Once upon a time a high school freshman in Virginia announced to his parents that he wished to learn to play the guitar.
“That’s an interesting idea,” his parents said, “but to ensure that you are serious, you will need to do some research before we agree to fund this.”
Excitement turned to disappointment in a heart beat. “Research?” he asked.
“Yes. First, find a local teacher, preferably close by,” the parents said. “Then find out the best type, brand, and cost of a suitable starter guitar.”
He did all his research in a timely and efficient manner. His new guitar teacher, a competent and motivating fellow named Buzz, lived a few streets over. Very convenient indeed. With the new, entry level guitar Buzz suggested, the high school freshman began to learn to play the guitar.

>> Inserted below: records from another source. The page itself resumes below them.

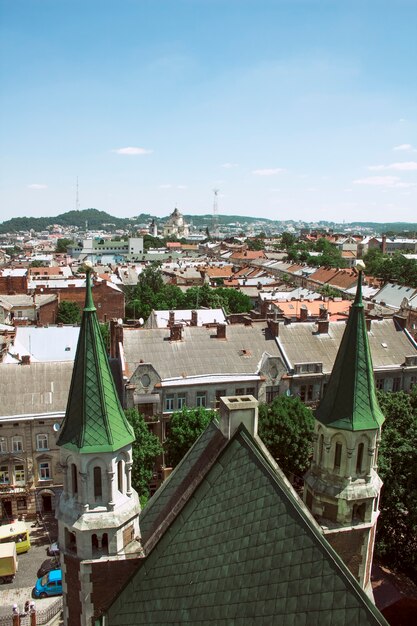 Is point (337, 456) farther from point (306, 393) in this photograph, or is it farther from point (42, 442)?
point (42, 442)

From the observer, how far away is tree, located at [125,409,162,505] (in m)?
42.8

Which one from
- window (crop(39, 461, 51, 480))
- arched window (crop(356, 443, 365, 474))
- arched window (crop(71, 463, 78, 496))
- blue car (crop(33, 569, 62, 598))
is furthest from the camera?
window (crop(39, 461, 51, 480))

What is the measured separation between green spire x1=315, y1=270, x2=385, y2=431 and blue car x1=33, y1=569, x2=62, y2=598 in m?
27.3

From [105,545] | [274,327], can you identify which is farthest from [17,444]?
[105,545]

And learn he did. He practiced for hours every day for months, and his skill grew quickly. After much hard work and dedication, he was one wailing guitarist. He formed a band and played at a local youth group every Sunday night after church. His band, Flannel Mice, was never destined to win a grammy. But our young guitarist got to feel the hot stage lights and hear the screams of adoring fans as he played bluesy riffs on his lipstick red Ibanez electric guitar.
Fast forward to last week. The wailing guitarist is now 31 years old, married with one child and another on the way. In addition to his family responsibilities, he heads his own consulting firm, travels extensively, and in general, has had little time to play guitar.
He missed the thrill and satisfaction of making music, so he recently decided it was time to resurrect his guitar playing. He also decided that, since so much time had passed, he would seek out a teacher and take some refresher lessons. This time his research was easier. He started with Microsoft Live (Live.com), through which he found several possible local teachers. He then used MySpace to gain more information about a promising prospect. What luck! The prospective teacher lived close by to his home in North Carolina.
He didn’t recognize the name, but when he played samples of the teacher’s music posted on MySpace, he thought it all sounded vaguely familar. Even though it had been 13 years, he recognized the music and the musician. He called and asked for the teacher by his MySpace name. To his great surprise, the teacher said, “Call me Buzz.”
Yes, that’s right. It was his original teacher, now relocated to North Carolina a few blocks away. Happily reunited, the guitarist, my beloved son Ray, and his teacher, Buzz, are again making music. Score another win for social media.